First, we analyzed how correlations and connectivity depended on the difference in preferred orientations ($\Delta \mbox{ori}$) of pairs of significantly ($\alpha=0.05$) tuned cells. The partial correlations decayed more rapidly with $\Delta\mbox{ori}$ than did sample correlations ($p<10^{-9}$ in each of the five sites, two-sample $t$-test of the difference of the linear regression coefficients). Positive connectivity decreased with $\Delta\mbox{ori}$ ($p<0.005$ in each of the five sites, $t$-test on the logistic regression coefficient) whereas negative connectivity did not decrease (Fig.~\ref{fig:7} D): The slope in the logistic model of connectivity with respect to $\Delta\mbox{ori}$ was significantly higher for positive than for negative interactions ($p<0.04$ in each of the five sites, two-sample $t$-test of the difference of the logistic regression coefficient).
Second, we compared how correlations and connectivity depended on the physical distance separating pairs of cells. We distinguished between lateral distance, $\Delta x$, in the plane parallel to the pia, and vertical distance, $\Delta z$, orthogonal to the pia. When considering the dependence on $\Delta x$, the analysis was limited to cell pairs located at the same depth with $\Delta z < 30\,\mu\mbox{m}$; conversely, when considering the dependence on $\Delta z$, only vertically aligned cell pairs with $\Delta x < 30\,\mu\mbox{m}$ were included. Again, the partial correlations decayed more rapidly both laterally and vertically than sample correlations ($p<10^{-6}$ in each of the five sites, for both lateral and vertical distances, two-sample $t$-test of the difference of the linear regression coefficients).
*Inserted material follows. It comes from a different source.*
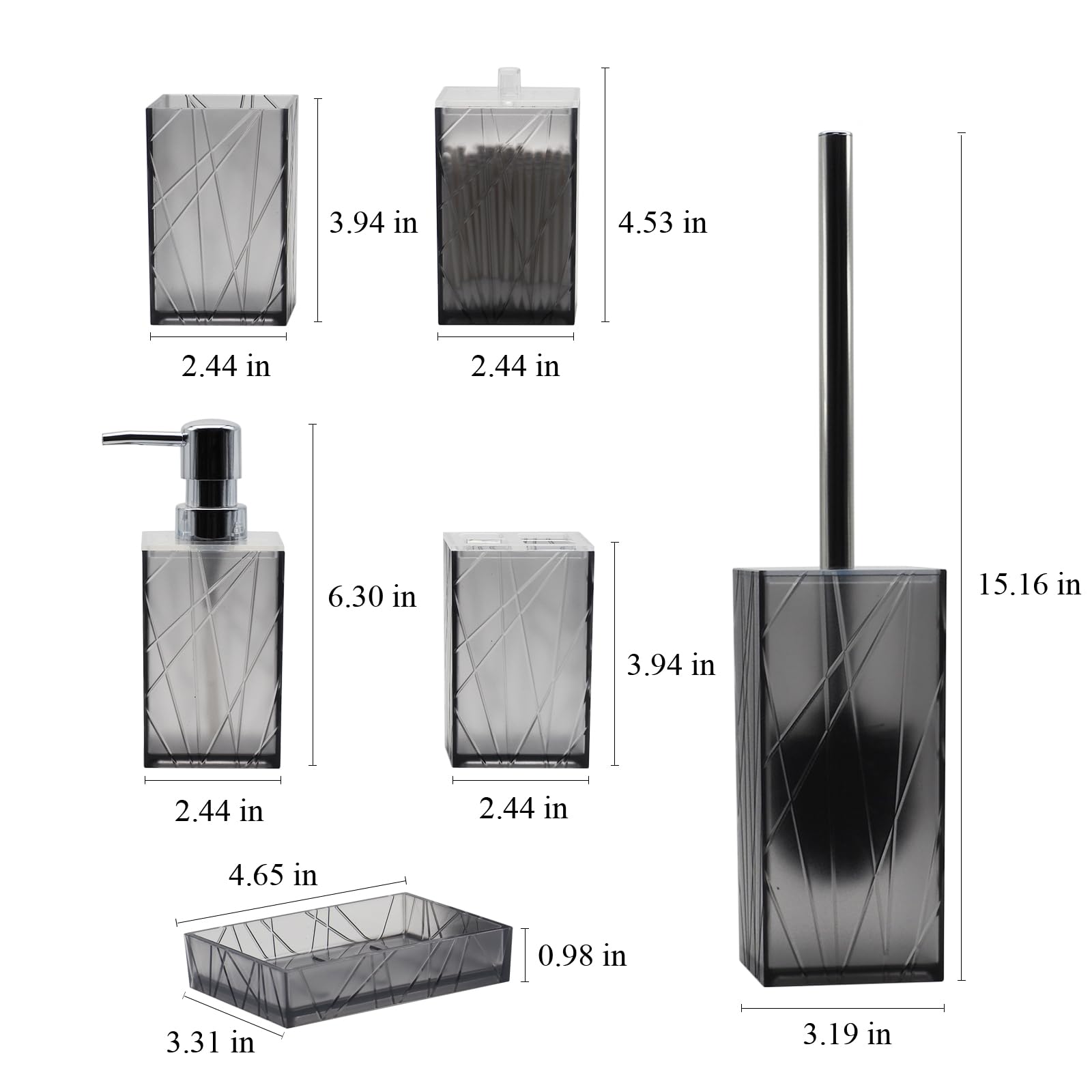 6-Piece Grey Bathroom Accessory Set - Soap Dispenser, Toothbrush Holder, Cup, Soap Dish, Toilet Brush with Holder & Q-Tip Organizer | Modern Bathroom Decor for Home, Apartment & Guest Bath Essentials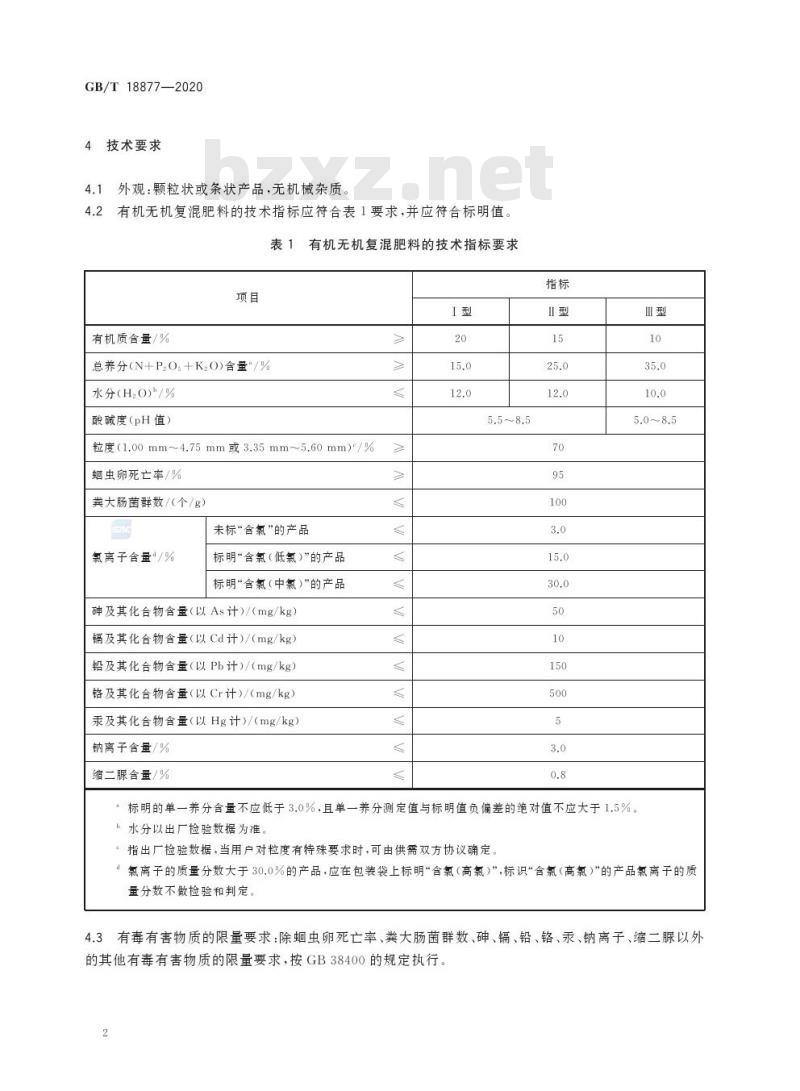 GB/T 18877-2020 有机无机复混肥料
Positive connectivity decayed with distance ($p<10^{-6}$ in each of the five sites for positive interactions and $p<0.05$ for negative interactions, $t$-test on the logistic regression coefficient) (Fig.~\ref{fig:7} E), so that cells separated laterally by less than 25 $\mu\mbox{m}$ were 3.2 times more likely to be connected than cells separated laterally by more than 150 $\mu\mbox{m}$. Although the positive connectivity appeared to decay faster with vertical than with lateral distance, the differences in slopes of the respective logistic regression models were not significant with available data. The negative connectivity decayed slower with distance (Fig.~\ref{fig:7} E and F): The slope in the respective logistic models with respect to the lateral distance was significantly higher for positive than for negative connectivities ($p<0.05$ in each of the five sites, two-sample $t$-test of the difference of the logistic regression coefficients).